It also seems like he allows wording in Polymorph spells to override the Polymorph chapter that details have polymorph works.


Crimeo wrote:
I thought that sounded very silly after reading it

Yep, welcome to how everyone else in the thread views your entire debate.

It is also extremely disingenuous to make an explicit argument based around 'logic not consensus' and then try to use a player consensus (with a question worded deliberately to invoke bias no less!) to prove a point. Why not make a poll to determine whether the wording of polymorph gives you the creature's type, and put it to this thread?

At the point it is becoming increasingly clear that you will continue to twist and writhe to find some argument where you aren't pretty straightforwardly wrong. It's not going to happen.


Crimeo if your goal is to convince us the wording in the book is not "good enough" then you might as well agree to disagree. It is not going to happen.

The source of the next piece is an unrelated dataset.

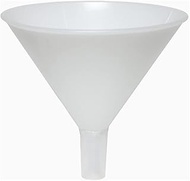 Bel-Art F14682-0000 Powder Funnel with 24/40 Tapered Stem, 13.8 cm Height, Polypropylene (Pack of 12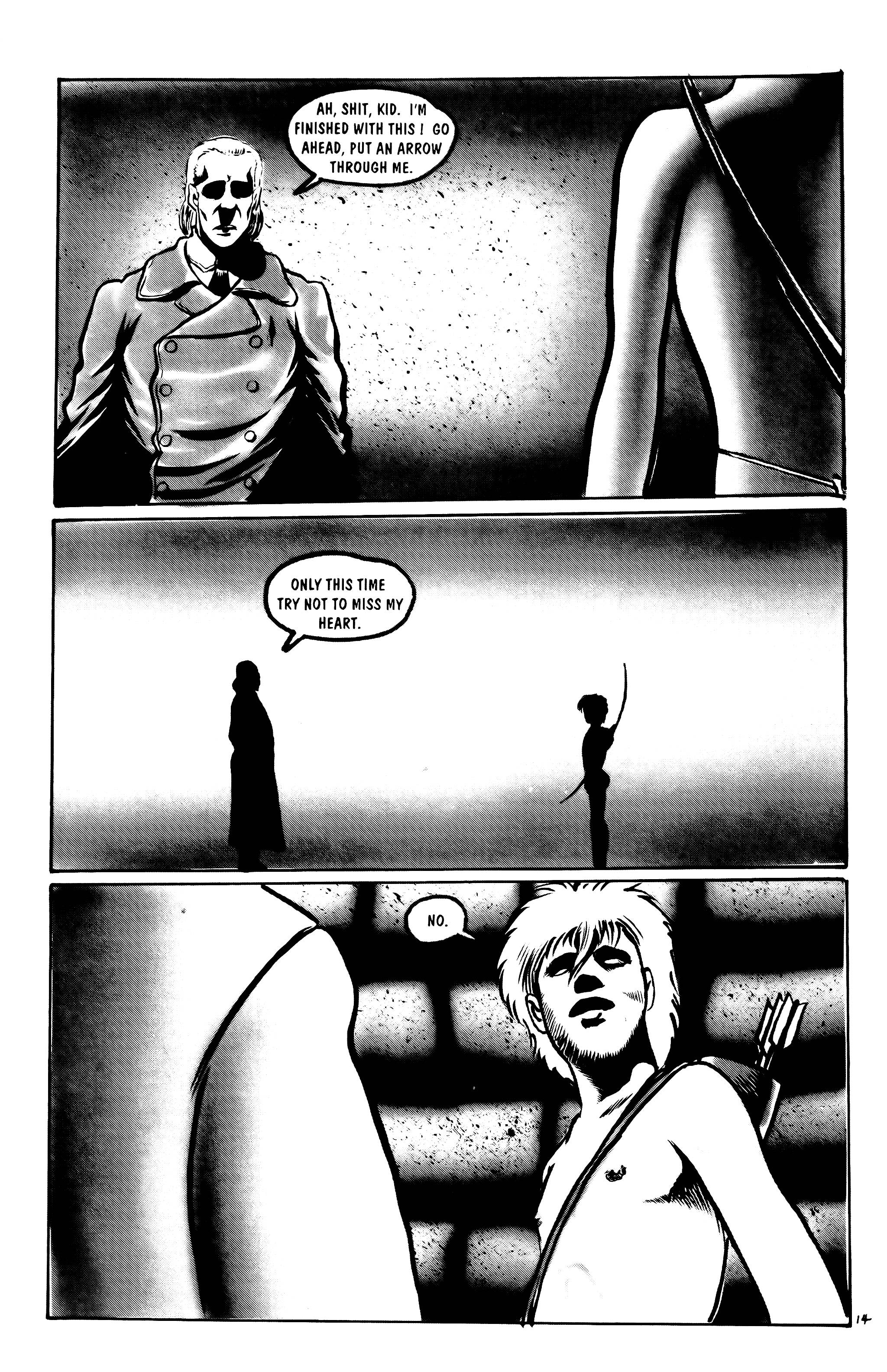 Read online Vampyre's Kiss: The Dark Kiss of Night comic -  Issue #3 - 16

If that is not your goal then you might want to let us know what it is.


Crimeo answer me this

Why is it necessary to point out the split off ooze gains the ooze type when in the description text of the ooze in the bestiary it doesn't?

Because a real ooze who creates another ooze by splitting actually creates a real ooze.

The spell creates a special rule that when the fake ooze creates an ooze by splitting, it creates a real ooze not a fake one that retains memories and things.


Quote:
It is also extremely disingenuous to make an explicit argument based around 'logic not consensus' and then try to use a player consensus
Gauss wrote:

Actually, reading the rules is literally what you need to use.

Polling people who have no familiarity with game concepts and rules is exactly the people who's opinion is meaningless.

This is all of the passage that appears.